Sentado na varanda de minha casa, relembro
daquela história. Relembrar se tornou meu segundo ritual de todos os dias.
Ainda abria a janela todas as manhãs, onde esperava vê-la, a sorrir pra mim, a
me encarar, mas é claro que isso nunca mais seria possível.
Hoje sou aposentado, e minha carreira de
advocacia nunca mais importou depois daquele dia. Relembrar a história da morte
de minha amada me faz doer o coração. Mas faço isso na esperança de que eu
sofra alguma espécie de infarto e eu possa, finalmente, me juntar a ela.
Sorrio, lembrando do sorriso lindo que ela
tinha, e dos olhos verdes que marcaram todos os meus melhores sonhos e meus
piores pesadelos. Meus sonhos mostravam como teria sido nossa vida se eu não
tivesse sido tão tolo e ignorado ela quando ela me sorria pela manhã. Mas,
mostrava também uma cena que me fazia gritar e espernear enquanto dormia. Eu sonhava ver os ladrões tentando invadir
minha casa. Então ela entrava em cena e os ladrões a matavam. E eu, no sonho,
ficava imóvel, não conseguindo fazer nada. Isso me angustiava e por isso eu
acordava ao som de meus próprios berros.
Amarga a minha dor. Mas, fazer o que, foi
minha lição, não escolhi minha vida detalhe por detalhe.

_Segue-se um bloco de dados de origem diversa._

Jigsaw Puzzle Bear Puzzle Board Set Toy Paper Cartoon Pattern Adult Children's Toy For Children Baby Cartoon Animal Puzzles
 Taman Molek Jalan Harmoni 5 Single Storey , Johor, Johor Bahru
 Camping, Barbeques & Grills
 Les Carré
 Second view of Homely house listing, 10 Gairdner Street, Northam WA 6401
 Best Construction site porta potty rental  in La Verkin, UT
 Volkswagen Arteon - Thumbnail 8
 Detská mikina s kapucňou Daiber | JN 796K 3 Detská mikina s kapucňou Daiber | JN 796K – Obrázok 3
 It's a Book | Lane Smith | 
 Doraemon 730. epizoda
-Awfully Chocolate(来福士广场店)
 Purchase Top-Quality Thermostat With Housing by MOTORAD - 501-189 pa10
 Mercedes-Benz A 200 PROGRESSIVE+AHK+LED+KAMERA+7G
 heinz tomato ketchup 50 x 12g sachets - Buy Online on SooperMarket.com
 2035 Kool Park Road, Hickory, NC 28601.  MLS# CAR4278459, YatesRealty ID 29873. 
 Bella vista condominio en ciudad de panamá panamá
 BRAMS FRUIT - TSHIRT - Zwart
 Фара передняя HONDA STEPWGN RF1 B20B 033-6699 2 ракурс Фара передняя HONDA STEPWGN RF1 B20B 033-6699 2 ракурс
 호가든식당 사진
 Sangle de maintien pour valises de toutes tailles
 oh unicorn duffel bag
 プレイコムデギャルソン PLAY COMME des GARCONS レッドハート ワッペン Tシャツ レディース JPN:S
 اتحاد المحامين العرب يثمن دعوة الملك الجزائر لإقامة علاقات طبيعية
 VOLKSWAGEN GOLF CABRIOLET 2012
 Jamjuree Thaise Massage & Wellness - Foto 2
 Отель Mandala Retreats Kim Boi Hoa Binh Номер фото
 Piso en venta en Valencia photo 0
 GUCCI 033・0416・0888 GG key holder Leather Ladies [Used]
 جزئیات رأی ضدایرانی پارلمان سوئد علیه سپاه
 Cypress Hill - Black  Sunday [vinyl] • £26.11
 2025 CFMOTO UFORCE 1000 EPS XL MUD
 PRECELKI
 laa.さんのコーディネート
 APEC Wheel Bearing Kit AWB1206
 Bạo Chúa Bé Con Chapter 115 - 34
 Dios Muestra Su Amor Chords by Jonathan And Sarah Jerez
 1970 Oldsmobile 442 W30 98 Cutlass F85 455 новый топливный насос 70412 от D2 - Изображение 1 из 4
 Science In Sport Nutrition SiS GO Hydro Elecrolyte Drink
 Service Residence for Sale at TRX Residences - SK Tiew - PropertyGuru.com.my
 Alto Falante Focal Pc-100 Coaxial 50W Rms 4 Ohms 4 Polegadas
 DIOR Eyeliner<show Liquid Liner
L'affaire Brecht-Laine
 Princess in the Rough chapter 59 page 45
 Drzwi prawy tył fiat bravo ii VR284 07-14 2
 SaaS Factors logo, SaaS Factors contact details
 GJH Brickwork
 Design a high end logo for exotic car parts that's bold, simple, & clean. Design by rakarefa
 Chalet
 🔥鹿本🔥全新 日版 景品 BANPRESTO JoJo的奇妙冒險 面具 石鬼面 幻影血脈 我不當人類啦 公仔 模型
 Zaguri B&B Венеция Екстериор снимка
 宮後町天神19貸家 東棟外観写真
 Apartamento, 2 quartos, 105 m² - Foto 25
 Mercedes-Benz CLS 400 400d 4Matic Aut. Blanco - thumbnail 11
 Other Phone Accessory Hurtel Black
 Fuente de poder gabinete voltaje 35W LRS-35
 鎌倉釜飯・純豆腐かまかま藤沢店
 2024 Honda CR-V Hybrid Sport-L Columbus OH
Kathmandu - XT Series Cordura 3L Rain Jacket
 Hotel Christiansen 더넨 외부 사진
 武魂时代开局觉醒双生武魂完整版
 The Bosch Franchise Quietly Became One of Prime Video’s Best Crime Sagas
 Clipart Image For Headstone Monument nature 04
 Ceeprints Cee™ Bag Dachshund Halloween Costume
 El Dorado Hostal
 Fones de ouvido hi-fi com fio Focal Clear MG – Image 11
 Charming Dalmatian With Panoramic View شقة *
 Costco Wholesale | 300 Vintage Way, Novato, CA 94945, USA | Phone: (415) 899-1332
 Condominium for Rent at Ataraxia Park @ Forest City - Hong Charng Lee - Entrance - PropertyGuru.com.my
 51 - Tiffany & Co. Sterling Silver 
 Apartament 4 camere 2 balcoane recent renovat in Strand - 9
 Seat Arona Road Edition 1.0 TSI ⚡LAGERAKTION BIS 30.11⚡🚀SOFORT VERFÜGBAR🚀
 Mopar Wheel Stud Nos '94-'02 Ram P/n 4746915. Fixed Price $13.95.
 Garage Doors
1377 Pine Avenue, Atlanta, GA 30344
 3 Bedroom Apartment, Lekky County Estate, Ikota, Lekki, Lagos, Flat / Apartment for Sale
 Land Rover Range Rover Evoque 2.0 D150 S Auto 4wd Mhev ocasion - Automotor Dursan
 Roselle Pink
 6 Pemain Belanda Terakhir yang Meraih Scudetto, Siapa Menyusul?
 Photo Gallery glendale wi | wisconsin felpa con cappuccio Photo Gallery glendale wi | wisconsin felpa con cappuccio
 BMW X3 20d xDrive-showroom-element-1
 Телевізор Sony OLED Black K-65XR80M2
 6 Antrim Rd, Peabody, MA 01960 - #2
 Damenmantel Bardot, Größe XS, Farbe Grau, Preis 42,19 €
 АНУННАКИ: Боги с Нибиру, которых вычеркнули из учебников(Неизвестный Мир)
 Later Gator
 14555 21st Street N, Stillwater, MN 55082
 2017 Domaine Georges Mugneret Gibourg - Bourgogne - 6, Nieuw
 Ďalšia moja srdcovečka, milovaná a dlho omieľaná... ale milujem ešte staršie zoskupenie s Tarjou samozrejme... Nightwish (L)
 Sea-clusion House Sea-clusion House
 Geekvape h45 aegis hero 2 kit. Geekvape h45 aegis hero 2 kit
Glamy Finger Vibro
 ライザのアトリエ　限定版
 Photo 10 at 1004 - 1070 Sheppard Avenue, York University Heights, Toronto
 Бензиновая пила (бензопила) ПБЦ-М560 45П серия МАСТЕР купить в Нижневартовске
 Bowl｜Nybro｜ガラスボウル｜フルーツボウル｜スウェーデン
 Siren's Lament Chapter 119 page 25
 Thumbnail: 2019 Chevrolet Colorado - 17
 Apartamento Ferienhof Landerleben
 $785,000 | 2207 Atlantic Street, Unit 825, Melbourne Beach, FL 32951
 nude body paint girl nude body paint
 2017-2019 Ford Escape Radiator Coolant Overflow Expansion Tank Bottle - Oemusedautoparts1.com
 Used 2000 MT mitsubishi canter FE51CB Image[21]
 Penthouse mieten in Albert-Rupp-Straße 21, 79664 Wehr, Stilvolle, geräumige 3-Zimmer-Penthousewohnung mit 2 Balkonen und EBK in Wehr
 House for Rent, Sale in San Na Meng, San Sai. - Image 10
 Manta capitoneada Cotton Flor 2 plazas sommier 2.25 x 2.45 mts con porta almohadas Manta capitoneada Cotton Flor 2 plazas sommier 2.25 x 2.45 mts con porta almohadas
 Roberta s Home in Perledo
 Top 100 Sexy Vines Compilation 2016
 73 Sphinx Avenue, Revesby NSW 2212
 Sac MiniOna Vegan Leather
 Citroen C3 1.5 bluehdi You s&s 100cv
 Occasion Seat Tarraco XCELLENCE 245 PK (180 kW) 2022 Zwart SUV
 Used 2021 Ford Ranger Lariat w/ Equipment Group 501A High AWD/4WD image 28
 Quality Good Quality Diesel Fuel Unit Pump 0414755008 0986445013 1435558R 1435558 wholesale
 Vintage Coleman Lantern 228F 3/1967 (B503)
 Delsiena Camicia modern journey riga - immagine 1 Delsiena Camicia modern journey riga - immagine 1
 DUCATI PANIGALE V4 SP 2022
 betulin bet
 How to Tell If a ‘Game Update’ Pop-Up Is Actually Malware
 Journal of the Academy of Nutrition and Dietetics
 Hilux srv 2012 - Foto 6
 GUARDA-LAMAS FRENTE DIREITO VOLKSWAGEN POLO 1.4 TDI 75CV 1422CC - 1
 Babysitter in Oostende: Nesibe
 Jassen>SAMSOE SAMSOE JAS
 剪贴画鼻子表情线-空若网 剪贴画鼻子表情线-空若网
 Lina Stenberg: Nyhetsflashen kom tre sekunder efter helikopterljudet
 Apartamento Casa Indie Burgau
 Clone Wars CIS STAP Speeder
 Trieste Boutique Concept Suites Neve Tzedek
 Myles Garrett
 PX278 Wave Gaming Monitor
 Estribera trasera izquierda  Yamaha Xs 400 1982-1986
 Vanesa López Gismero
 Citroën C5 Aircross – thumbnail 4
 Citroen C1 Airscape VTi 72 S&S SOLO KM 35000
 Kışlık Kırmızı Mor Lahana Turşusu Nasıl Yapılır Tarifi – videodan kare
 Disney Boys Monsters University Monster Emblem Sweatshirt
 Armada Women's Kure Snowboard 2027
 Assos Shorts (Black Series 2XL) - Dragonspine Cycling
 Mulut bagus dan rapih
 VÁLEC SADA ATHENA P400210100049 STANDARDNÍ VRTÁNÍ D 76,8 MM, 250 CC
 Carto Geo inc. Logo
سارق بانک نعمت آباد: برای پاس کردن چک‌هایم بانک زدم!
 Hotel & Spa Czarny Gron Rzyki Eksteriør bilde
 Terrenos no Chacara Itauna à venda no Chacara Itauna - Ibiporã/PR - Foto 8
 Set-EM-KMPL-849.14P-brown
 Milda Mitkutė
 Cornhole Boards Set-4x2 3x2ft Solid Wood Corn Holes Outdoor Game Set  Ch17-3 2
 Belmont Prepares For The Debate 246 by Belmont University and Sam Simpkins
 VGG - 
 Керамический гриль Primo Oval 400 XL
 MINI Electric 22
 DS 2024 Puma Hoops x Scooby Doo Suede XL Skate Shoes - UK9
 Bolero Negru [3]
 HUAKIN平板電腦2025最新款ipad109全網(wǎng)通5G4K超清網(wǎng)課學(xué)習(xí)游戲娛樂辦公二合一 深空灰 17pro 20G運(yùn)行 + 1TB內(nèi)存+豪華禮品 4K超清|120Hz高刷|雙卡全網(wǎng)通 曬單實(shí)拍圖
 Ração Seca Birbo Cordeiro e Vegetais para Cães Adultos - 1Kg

Olho para o outro lado da rua e vejo aquela
casa que esconde os mistérios e segredos de minha amada, intacta desde o dia de
sua morte. Quando ela faleceu, a família quis vender a casa, não precisava mais
dela. Ele a comprou, pois não queria acordar pela manhã e deparar com um
estranho na janela de sua amada.
Mas nunca entrou na casa. Tinha a chave, mas
nunca tivera coragem de entrar no lugar que era da moça que ele nunca deixara
de amar. Nos seus oitenta e seis, agora, sentia uma imensa vontade de desvendar
os mistérios que ela guardava para si.
Sorriu, e decidiu-se: iria conhecer as
profundezas do santuário da moça que morrera por ele.
Abandonou a velha cadeira de balanço.
Colheu, no seu jardim, uma margarida branca, simplesmente por impulso. Abriu o
portão enferrujado que rangia. Estava precisando de um óleo.
***
Atravessando lentamente a rua, ele nem
percebeu o carro que vinha desordenadamente em sua direção. A dois passos da
calçada, ele o acertou. O senhor idoso que aparentava estar perto dos cem anos
e que segurava uma margarida na mão, morreu na hora.
A dois metros do corpo inerte e já sem vida,
atrás daquela porta detalhada em mogno, na casa que tinha uma janela grande que
guardava uma floreira onde tinham margaridas brancas plantadas, estava uma
carta, de sete páginas, declarando um amor ardente e sem solução, esperando o
recém falecido há longos cinquenta e um anos.